:: Information supplied ::

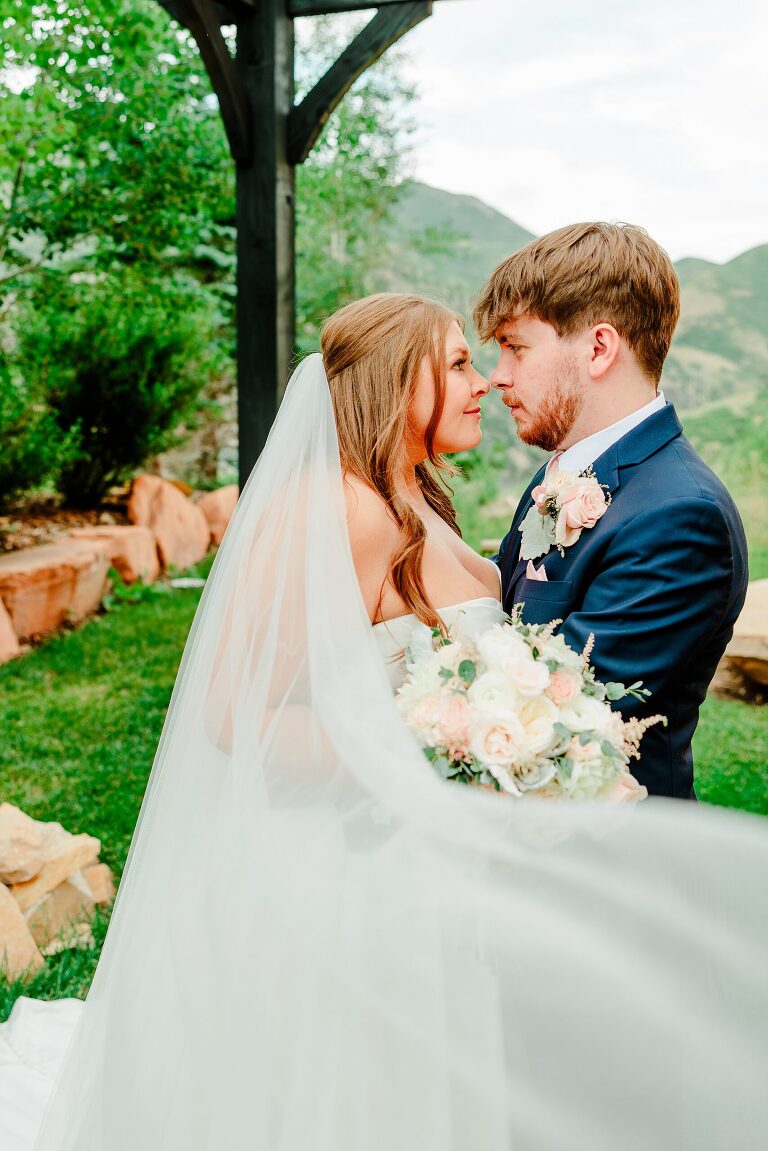Louland Falls Summer Wedding | Utah Wedding Photographer Ashley DeHart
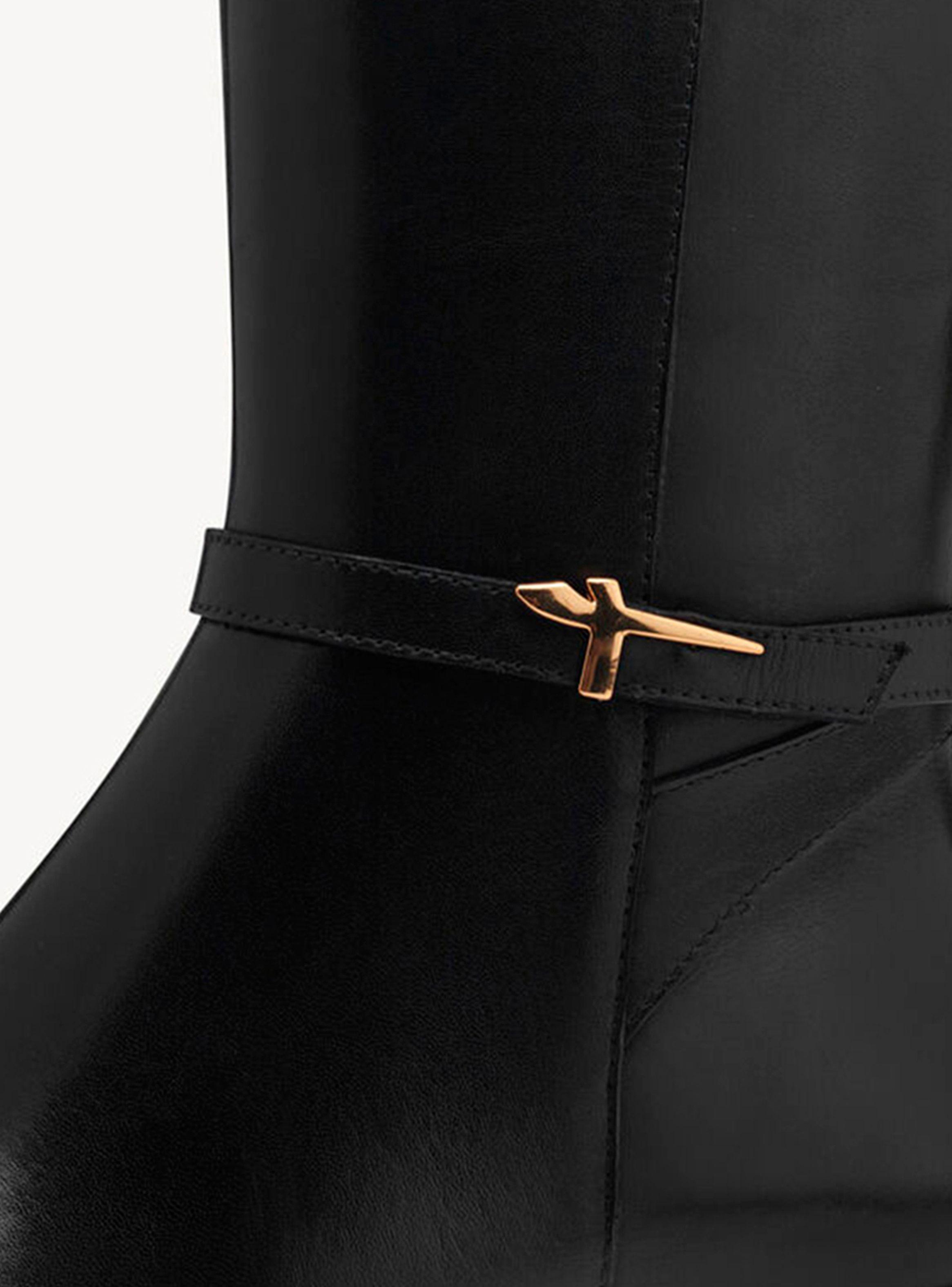 Bota Mujer 25539-45 Negro-3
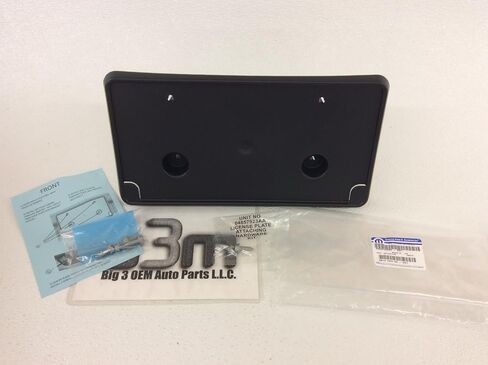 Dodge RAM 1500 Front Plate Mount Bracket Holder Mopar OEM in Saudi Arabia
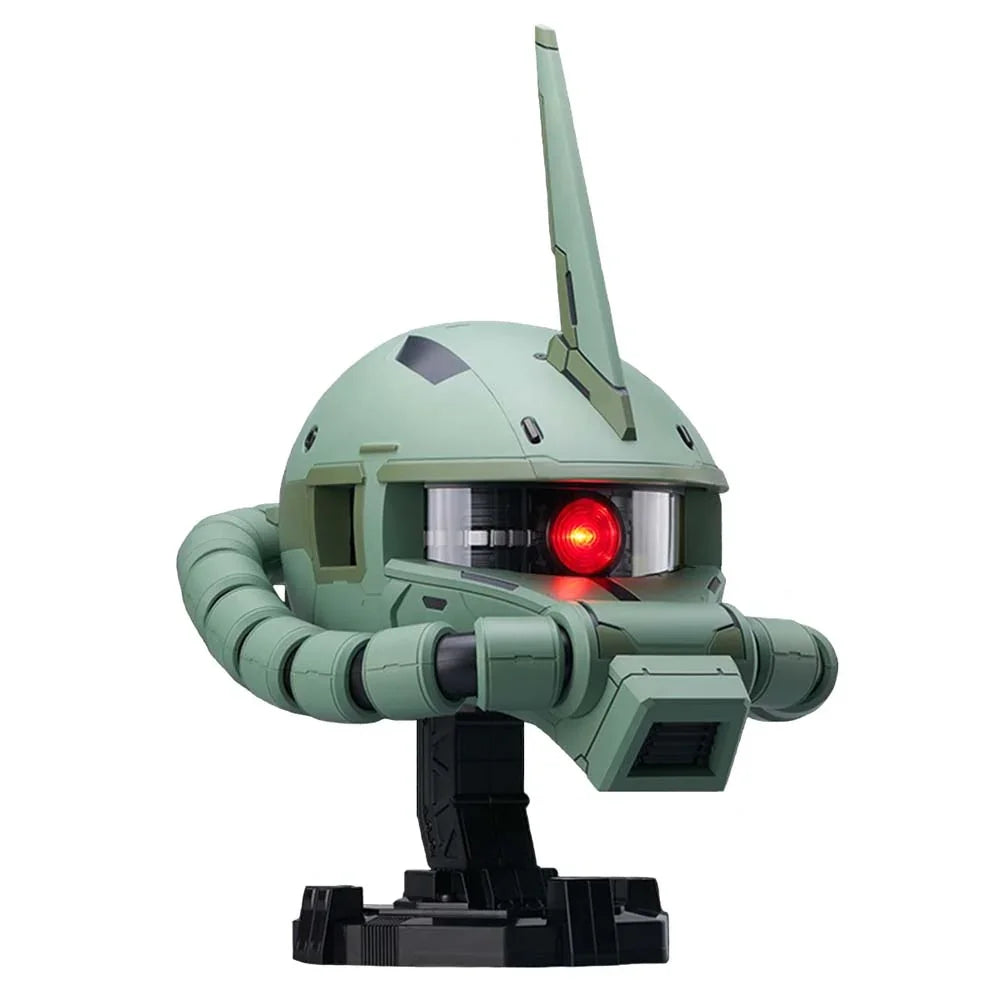 Bandai MS-06F Zaku II BNESH Head Collection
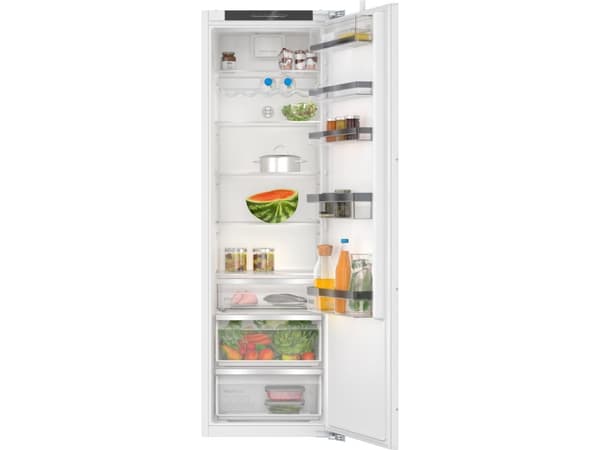 Bosch Serie | 6 KIR81ADD0 - Kjøleskap - innebygd - fordypning - bredde: 56 cm - dybde: 55 cm - høyde: 177.2 cm - 310 liter - Klasse D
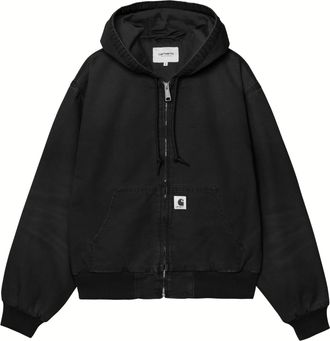 Carhartt Work in Progress Black Stone Dearborn Canvas OG Active Jacket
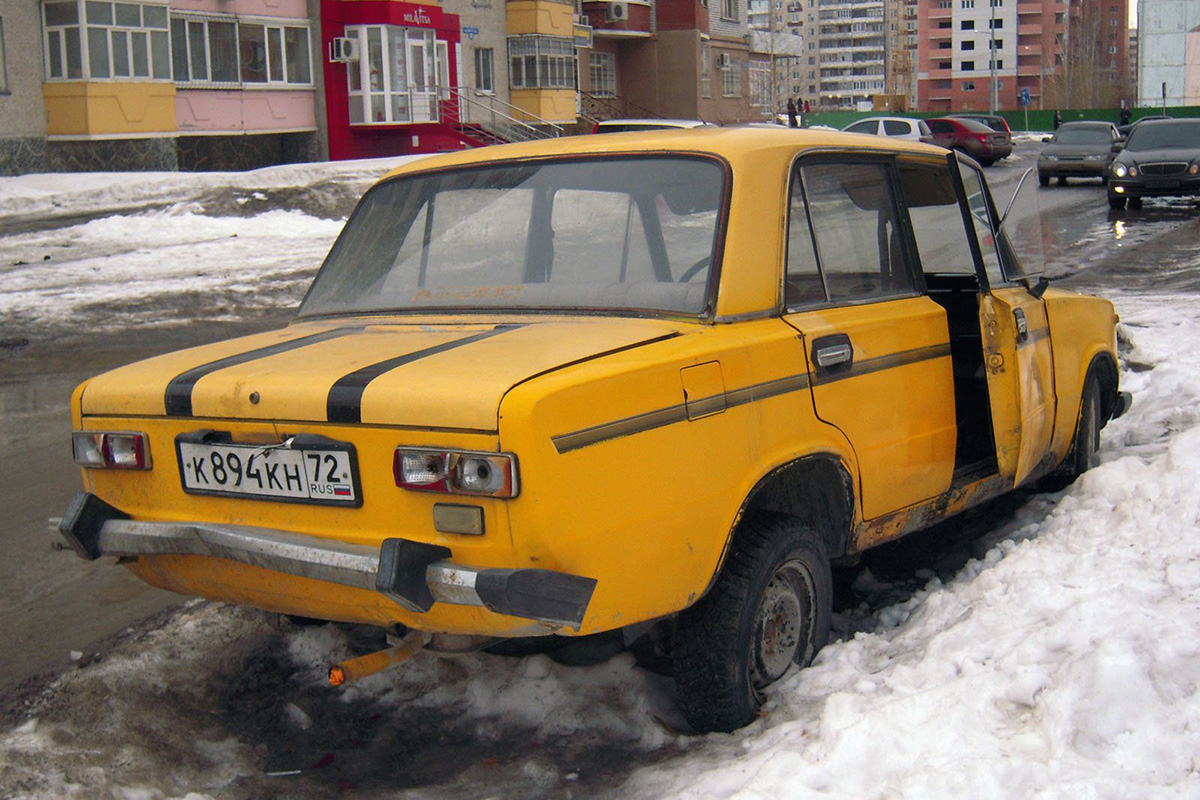 Тюменская область, № К 894 КН 72 — ВАЗ-2101 '70-83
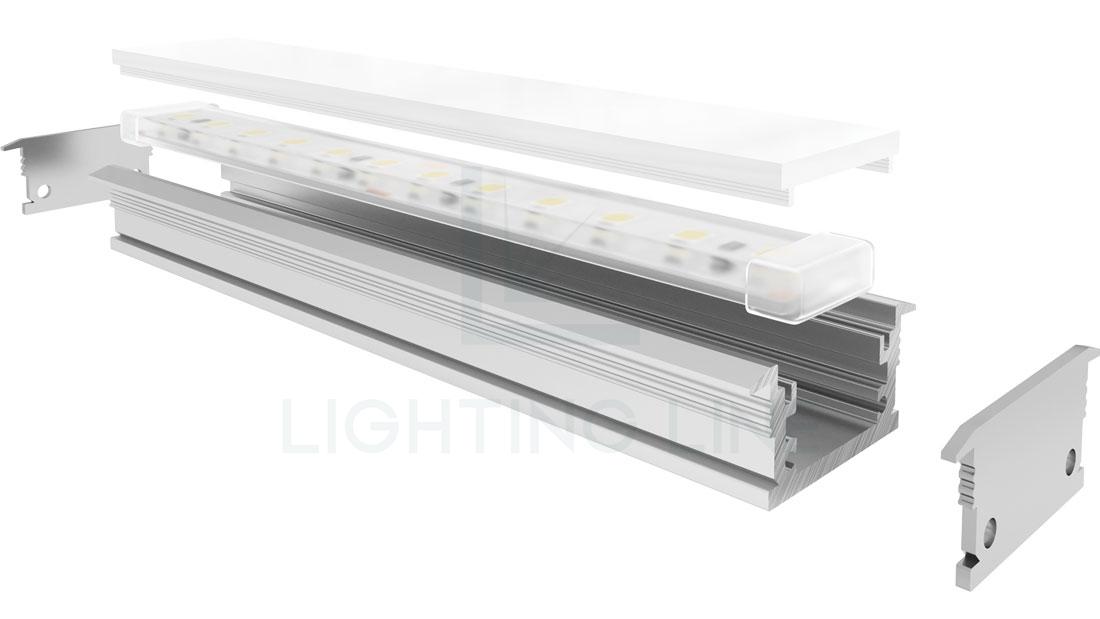Profil für LED-Streifen Profil für LED-Streifen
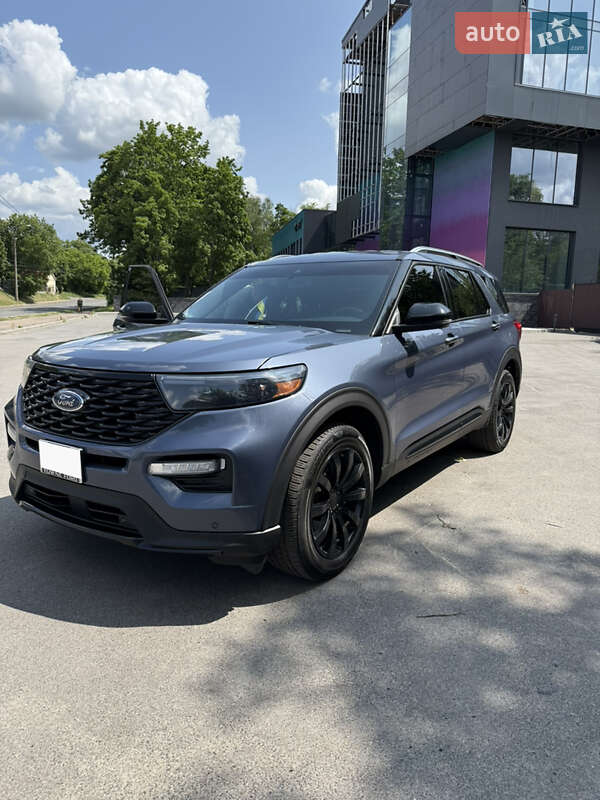 Ford Explorer 2020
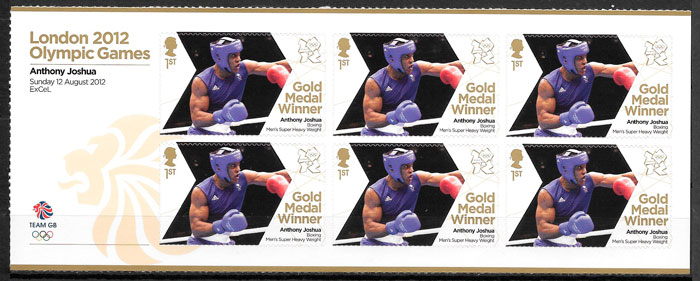 filatelia coleccion olimpiadas Gran Bretana 2012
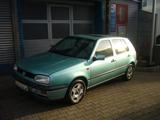 Volkswagen Golf AHK KD BRE REIF TÜV NEU TOP TOP - gebrauchte VW Golf aus dem Jahr 1992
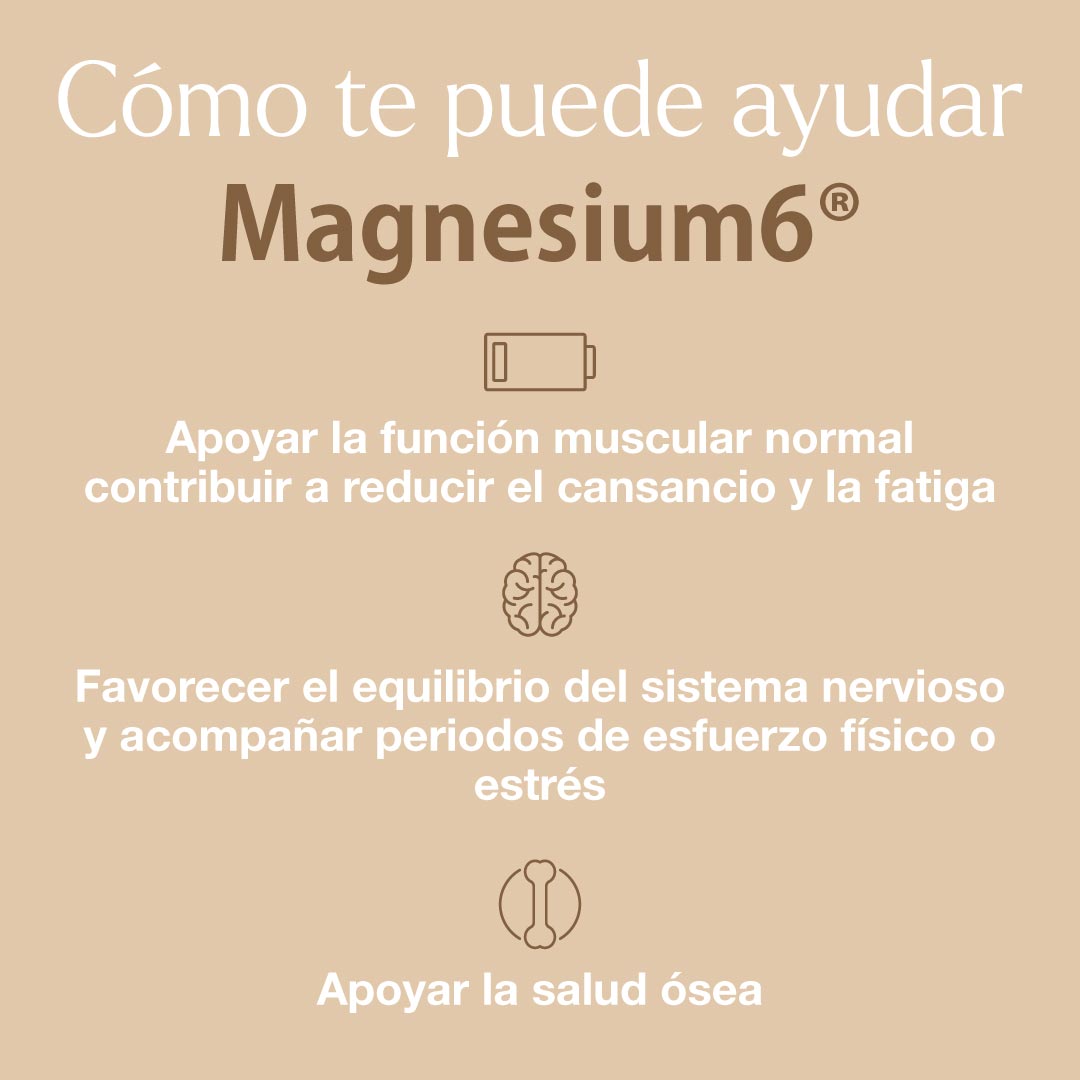 VITAE Magnesium6 20 Comprimidos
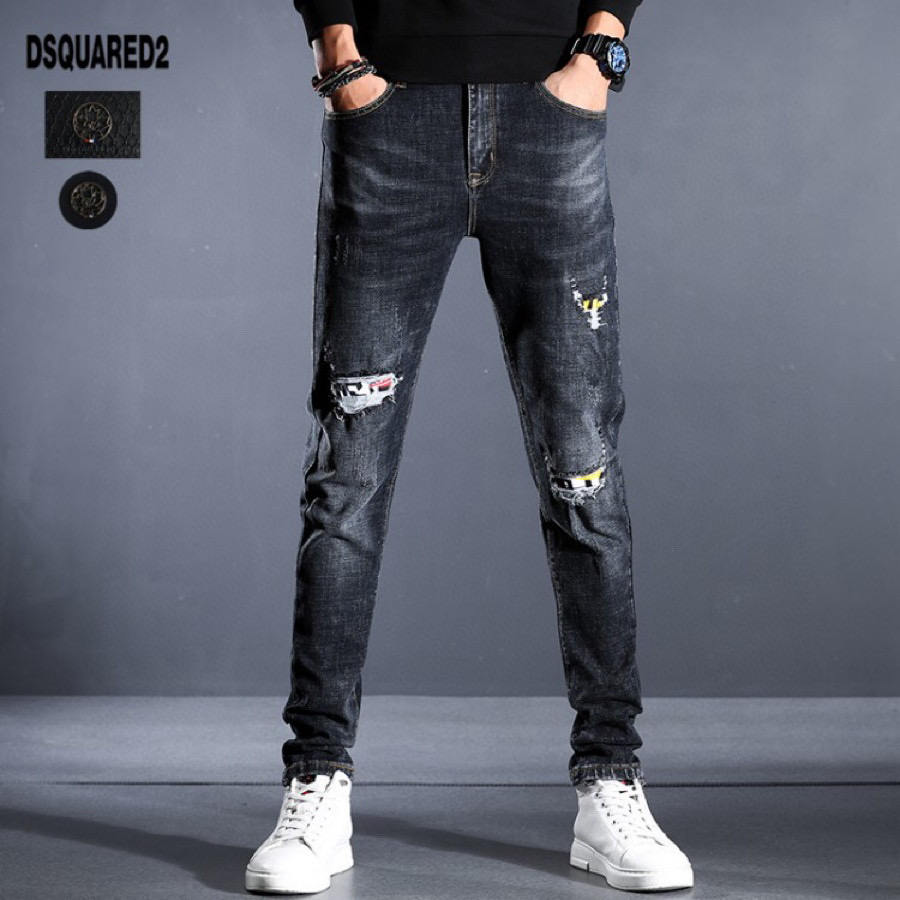 Cheap Dsquared Jeans Trousers For Men #814997 Replica Wholesale [$45.00 ...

:::

### Work required
The lines above starting at the one that holds "Bandai MS-06F Zaku II BNESH Head Collection" and ending at the one that holds "Тюменская область, №" are to be written out exactly, ends included, and no pictures are to be copied.

### Completed exercise
 Bandai MS-06F Zaku II BNESH Head Collection
 Bosch Serie | 6 KIR81ADD0 - Kjøleskap - innebygd - fordypning - bredde: 56 cm - dybde: 55 cm - høyde: 177.2 cm - 310 liter - Klasse D
 Carhartt Work in Progress Black Stone Dearborn Canvas OG Active Jacket
 Тюменская область, № К 894 КН 72 — ВАЗ-2101 '70-83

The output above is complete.